Clearly names matter, whether proper names or labels we adopt for ourselves. They represent our self-view which, for the Christian, should spring from His view. While my perspective is of some value, what matters most is not how I see myself, but how I am seen, since what the Potter has to say about the Clay carries more weight than the clay’s self-analysis. So whatever label the clay takes should reflect both the perspective and priorities of the Potter.

That, in turn, is derived from the document the Potter inspired for the clay’s guidance, meaning the words I use to self-identify should line up with what the Bible has to say about me.

“What sayest thou of thyself?” (John 1:22)

That’s the crux of the debate among believers over what vocabulary we should use when addressing homosexuality. Both sides are made up of self-identified Christians recognizing the authority of scripture, and both sides are asking and arguing what scripture has to say about self-definition.

The argument arises over a new set of terms growing in popularity in reference to people who are (a) sexually attracted to the same sex, (b) abstaining from homosexual behavior out of obedience to God, and (c) looking for ways to identify themselves and their experiences.

The recent Revoice Conference highlighted how prominent these terms are becoming, and how much tension is rising between those using them and those objecting to them.

Sources critical of the Revoice event can be found here , and here , and sources supportive of it can be found here and here . In response to all of this, I’ve written in earlier posts about the term Gay Christian here  and about the terms Mixed Orientation Marriage and Spiritual Friendships here . Today I’d like to look at two other phrases gaining traction: Side B Christians and Sexual Minorities.

Flipping to Side B

Those my age will remember 45 records, those vinyl mini-frisbees featuring whichever hit song we wanted to buy, with a Side B recording by the same artists on the flip side. Side B was seldom if ever listened to; it was basically the back end of the act.

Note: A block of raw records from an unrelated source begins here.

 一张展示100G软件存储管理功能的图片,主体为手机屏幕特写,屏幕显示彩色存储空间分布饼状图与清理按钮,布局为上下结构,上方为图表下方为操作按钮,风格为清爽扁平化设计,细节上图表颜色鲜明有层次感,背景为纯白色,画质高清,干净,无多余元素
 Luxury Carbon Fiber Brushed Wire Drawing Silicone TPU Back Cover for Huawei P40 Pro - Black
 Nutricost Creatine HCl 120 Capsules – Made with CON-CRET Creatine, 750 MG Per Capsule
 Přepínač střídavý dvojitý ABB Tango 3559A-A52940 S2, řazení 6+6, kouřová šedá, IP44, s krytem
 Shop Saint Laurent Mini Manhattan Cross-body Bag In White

But now there’s a very different take on the phrase. When it comes to its usage on this topic, the online magazine Slate cites the origin of the term Side B to a now defunct website called Bridges Across the Divide, which once provided an open forum for people of different perspectives to discuss sexuality and faith. On the Bridges site, Side A Christians referred to people who identified as openly gay, openly Christian, and openly affirming of homosexual relationships. Side B folks identified themselves as the first two – openly gay and Christian – but not the third, in that they still felt the Bible condemned all forms of homosexual sex.

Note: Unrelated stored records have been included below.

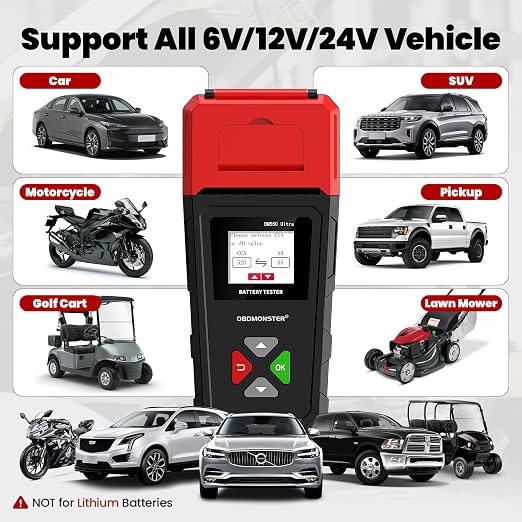Car Battery Tester OBDMONSTER BM550U 6V/12V/24V 100-2000CCA Lead-Acid Battery Load Tester 1.8" HD Screen Automotive Digital Battery Voltage Tester with Built-in Printer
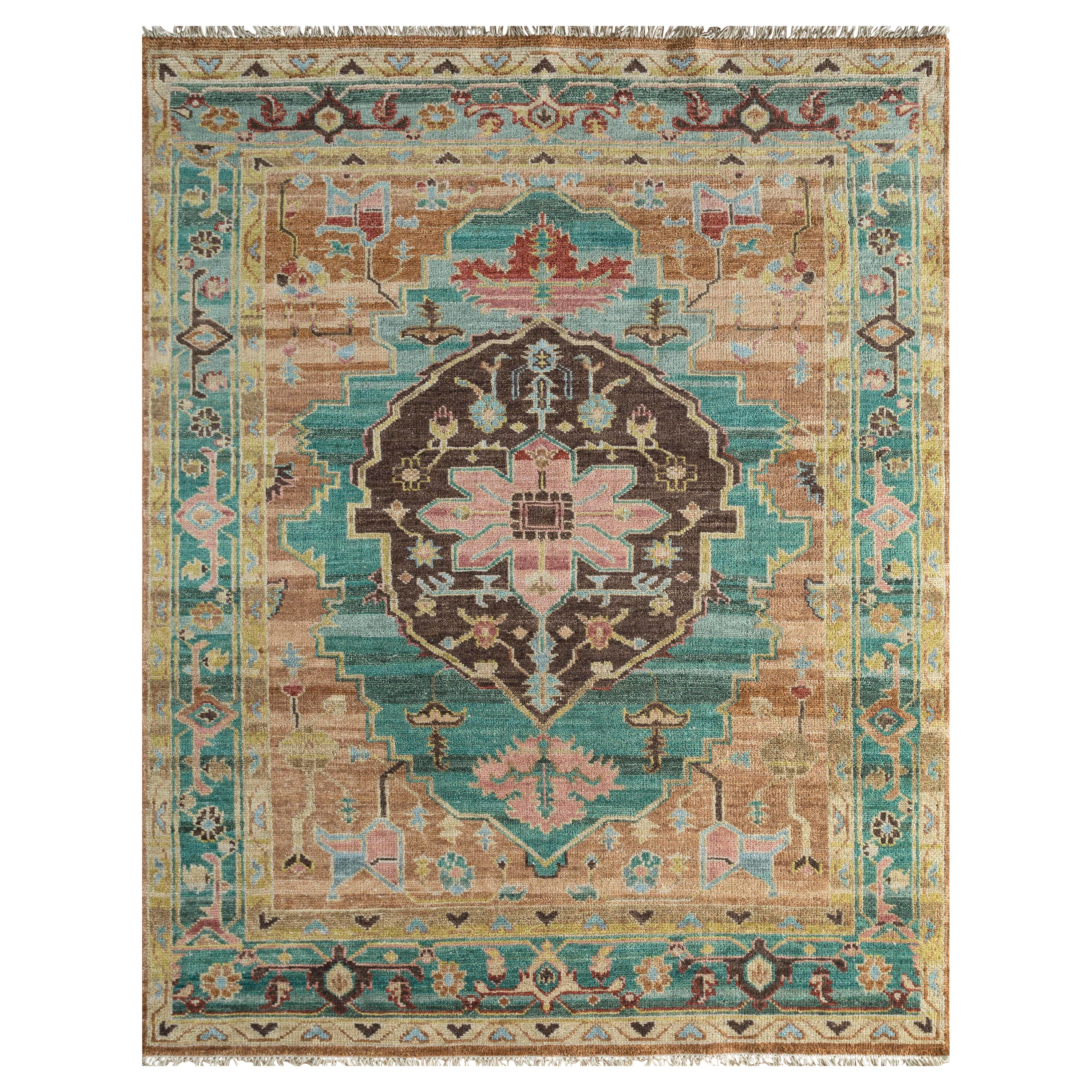 Amber Trellis Caramel & Deep Sea 180x270 cm Hand Knotted Rug For Sale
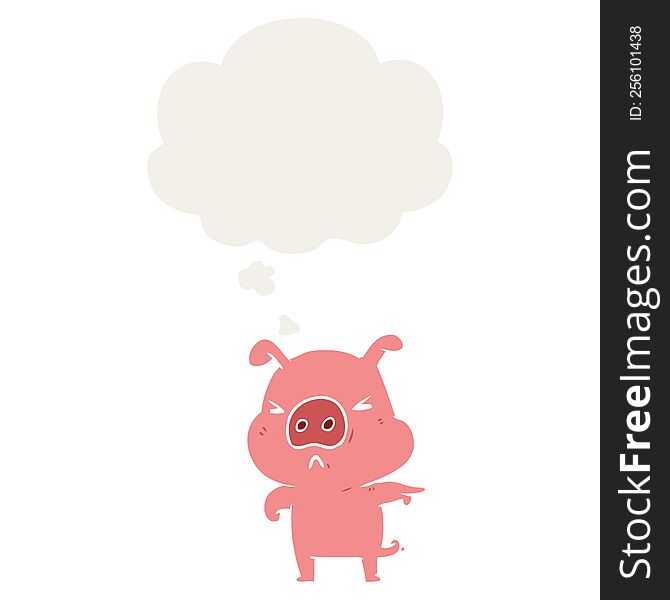 cartoon angry pig with thought bubble in retro style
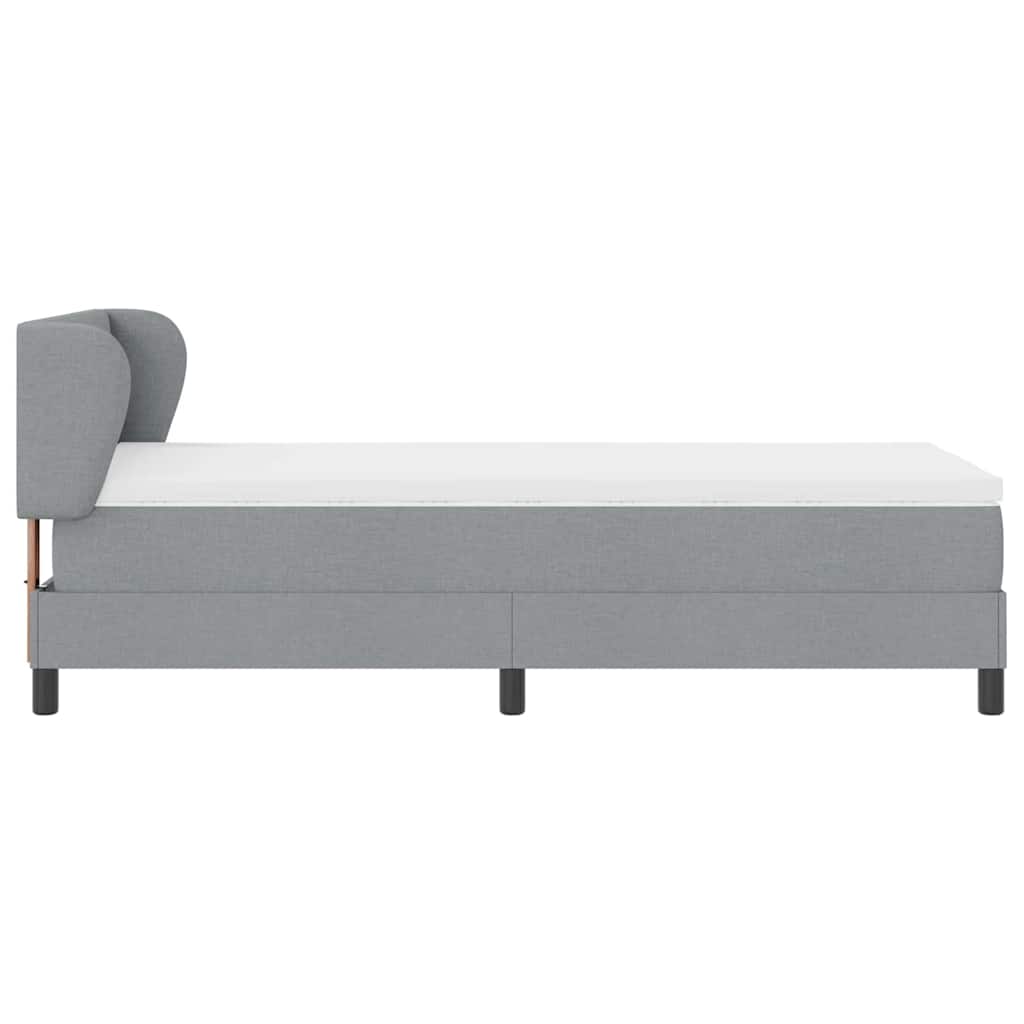 vidaXL Łóżko sprężynowe Z zagłówkiem Jasnoszary 80 x 200 cm tkanina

The site closed but the label stuck, and to this day, you’ll often hear “Side A” and “Side B” in conversations about those who affirm or resist their own same-sex desires.

No Small Matter …

Whatever objections we may have to the phrase (and I do have some) let’s first recognize and respect the way Side B Christians are living their lives.

During a time when mass celebration is thrown over people “coming out” and embracing their sexual proclivities, these women and men are choosing faithfulness over satisfaction – not just the satisfaction of casual one-night stands, but also, in many cases, the fulfillment of homosexual relationships that are committed, long standing, and deeply bonded.

We can and should argue that such relationships are clearly outside of what our Creator intended, so they can never be a legitimate option for a Christian. But that doesn’t minimize the enormity of saying “no” to them once and for all, especially if they’re the only form of partnering or passion that a person has ever known, or the only form a person can ever envision. Saying “no” to them means saying “yes” to what the cross demands, a “yes” that’s required, for sure. (Luke 9:23) But let’s respect its ramifications, whether or not we fully relate to them.

… But That’s My Point!

If saying “no” to homosexuality is a big deal, then homosexuality itself, being a sexual sin prohibited explicitly five times in the Bible, must also be a big deal. (Leviticus 18:22 and 20:13; Romans 1:26-27; I Corinthians 6:9-10; I Timothy 1:9-10) On issues so significant, there’s neither a Side A nor a Side B. There’s only the right side and the wrong side, the black or the white.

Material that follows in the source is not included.